In general the pros and cons of each method are
Fill flash
- + Natural looking
- + Can be done with film
- + Can have movement in the scene
- + Minimal post processing
- - Only works for close subjects
- - You may have to balance the colour of flash with ambient light
- - Can be hard to get even lighting on your subject and avoid shadows
- - Bright backgrounds mean you have to stop down lots or use an ND at you can't use a fast shutter (unless your flash has HSS)
Multi-exposure (HDR)
- + More even lighting, no problems with shadows
- + Striking images
- + Can use any shutter speed
- + Works with all subject, near and far
- - Requires careful post processing to avoid halos, sickening contrast
- - Other photographers will know you used HDR and secretly judge you ;)
- - You can get weird colours in shadows due to secondary reflections.

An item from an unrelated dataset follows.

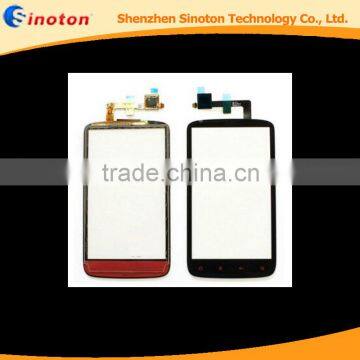 mobile phone touch screen digitizer for HTC Sensation XE G18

This last point is worth expanding on. In my example the subject isn't being lit by direct sunlight. So where is the light coming from? Some of it is from other parts of the blue sky (refracting of particles in the upper atmosphere and turning blue), a small amount is bouncing off the clouds (which had almost gone by this point) but a significant amount of it is bouncing off the green grass in front of the subject.
If you boost the shadows too much using HDR, you can get colour shifts, as the shadows by definition aren't lit by direct light, only by light that has already bounced off other surfaces and picked up their colours!